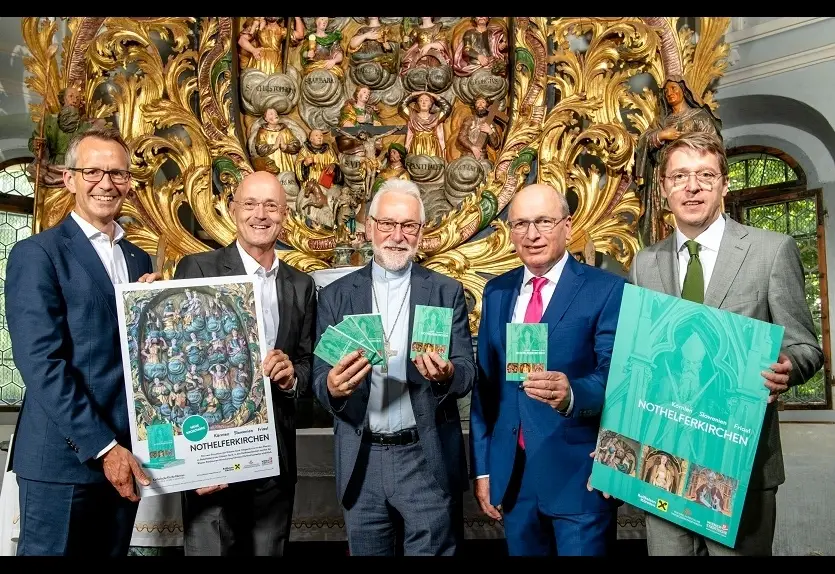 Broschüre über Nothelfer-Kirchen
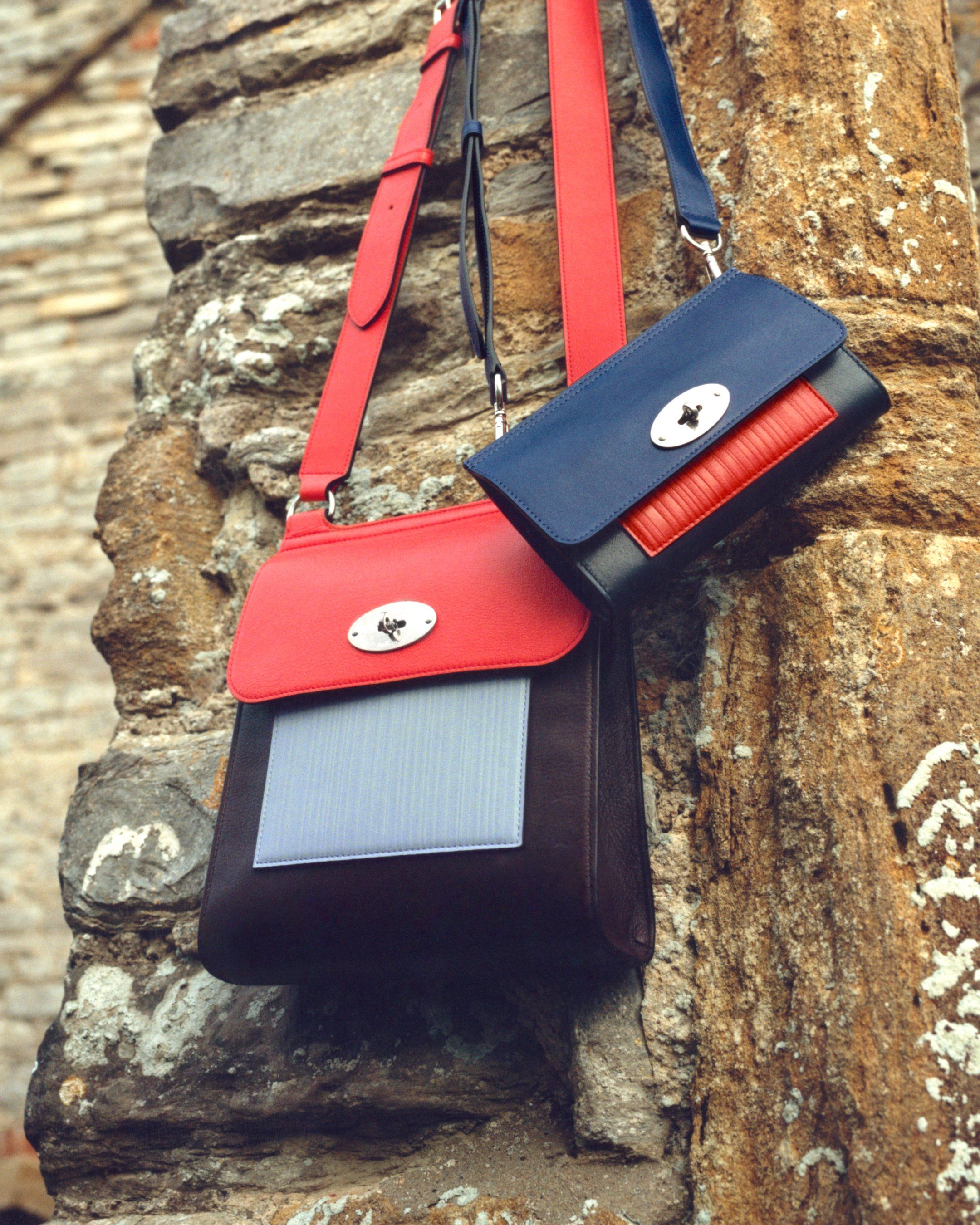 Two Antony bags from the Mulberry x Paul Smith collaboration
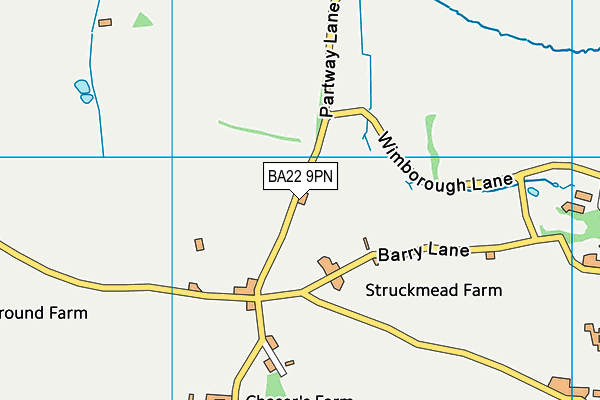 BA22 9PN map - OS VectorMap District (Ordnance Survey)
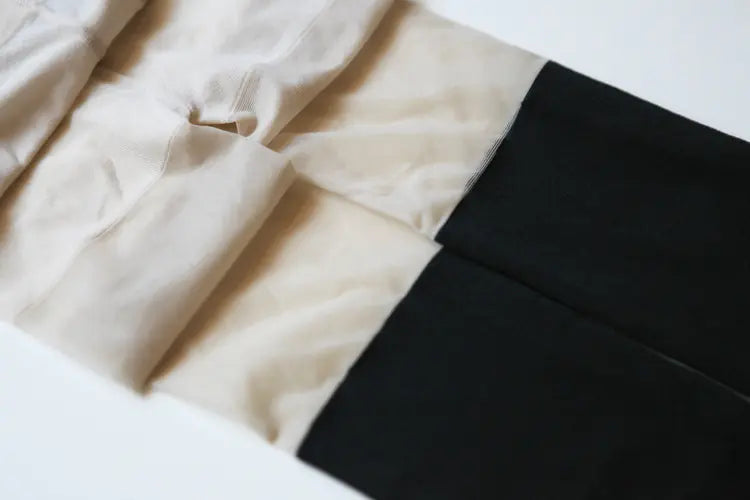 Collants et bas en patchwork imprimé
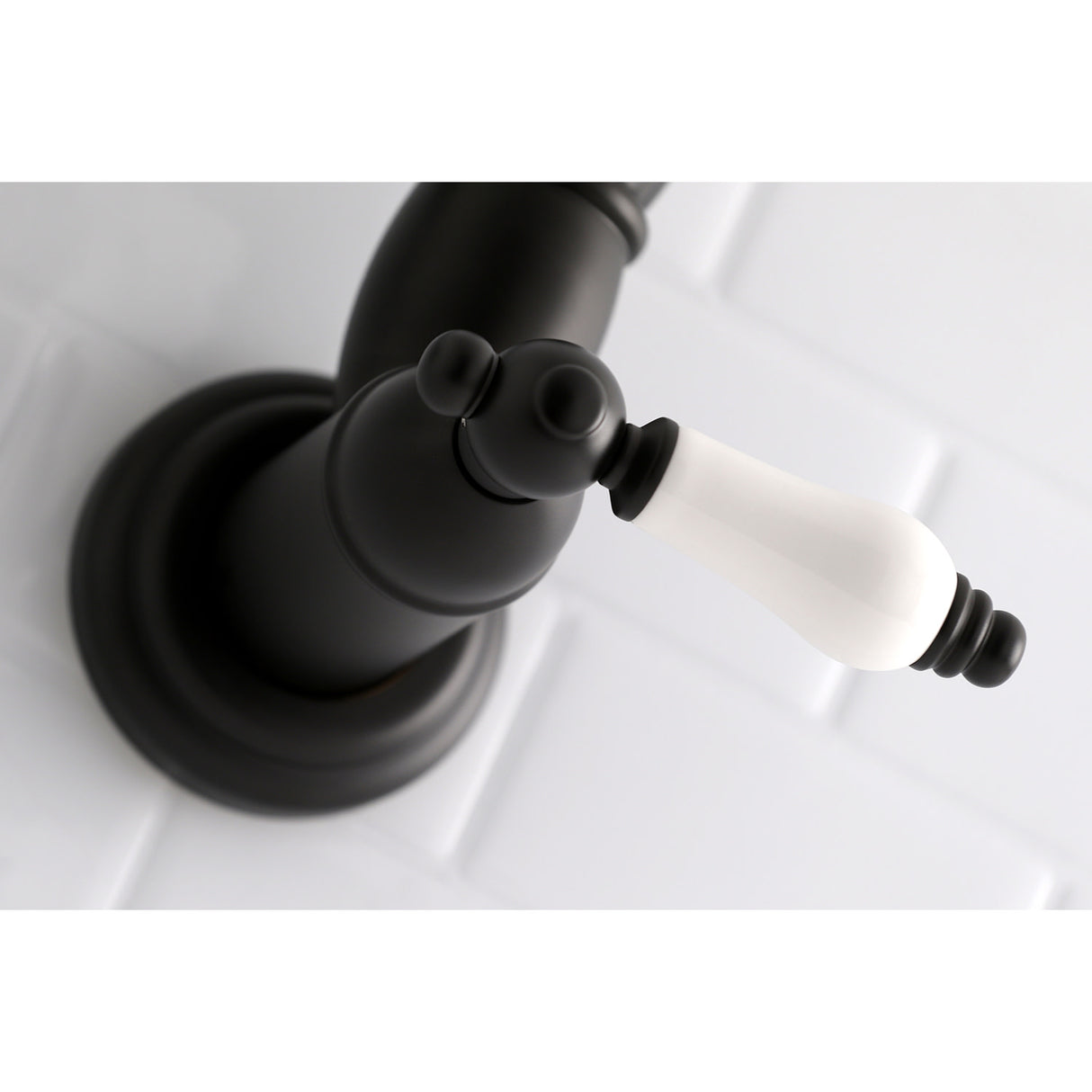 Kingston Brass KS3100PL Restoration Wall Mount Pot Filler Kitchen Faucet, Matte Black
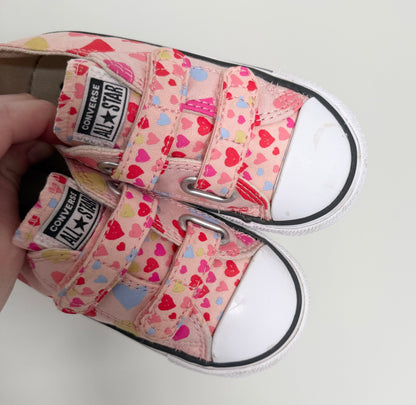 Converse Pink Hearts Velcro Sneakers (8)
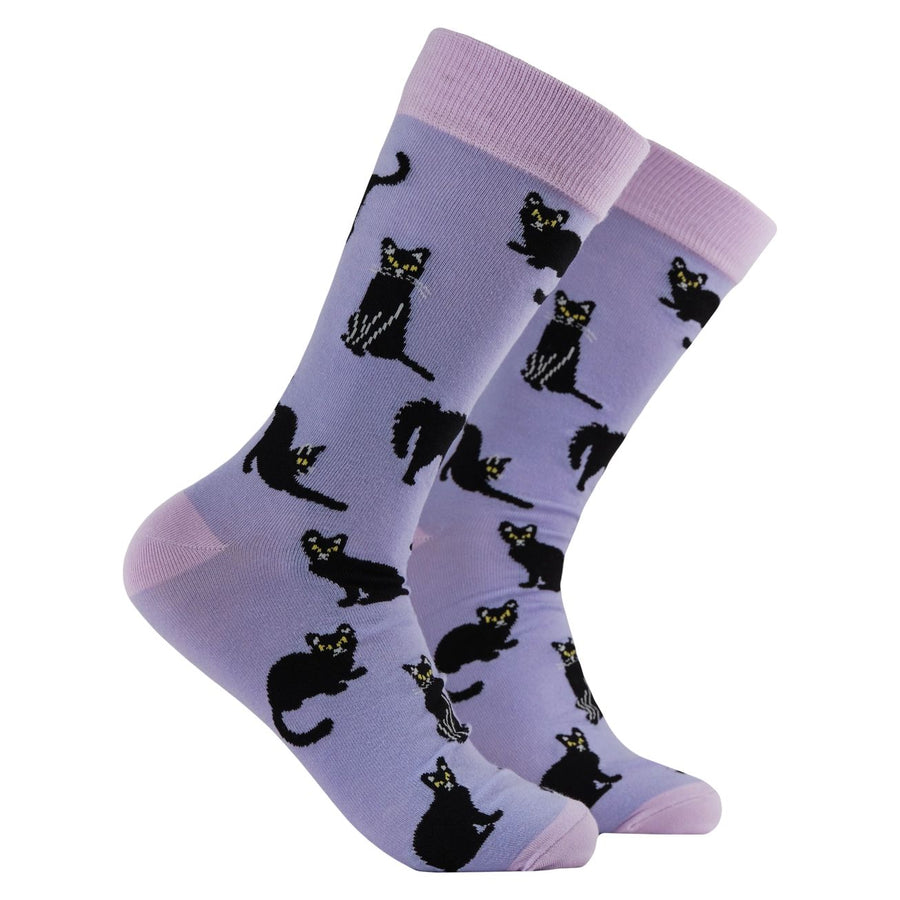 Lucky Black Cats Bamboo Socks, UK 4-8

* * * *

Retype every entry above exactly, leaving out the pictures.

 Broschüre über Nothelfer-Kirchen
 Two Antony bags from the Mulberry x Paul Smith collaboration
 BA22 9PN map - OS VectorMap District (Ordnance Survey)
 Collants et bas en patchwork imprimé
 Kingston Brass KS3100PL Restoration Wall Mount Pot Filler Kitchen Faucet, Matte Black
 Converse Pink Hearts Velcro Sneakers (8)
 Lucky Black Cats Bamboo Socks, UK 4-8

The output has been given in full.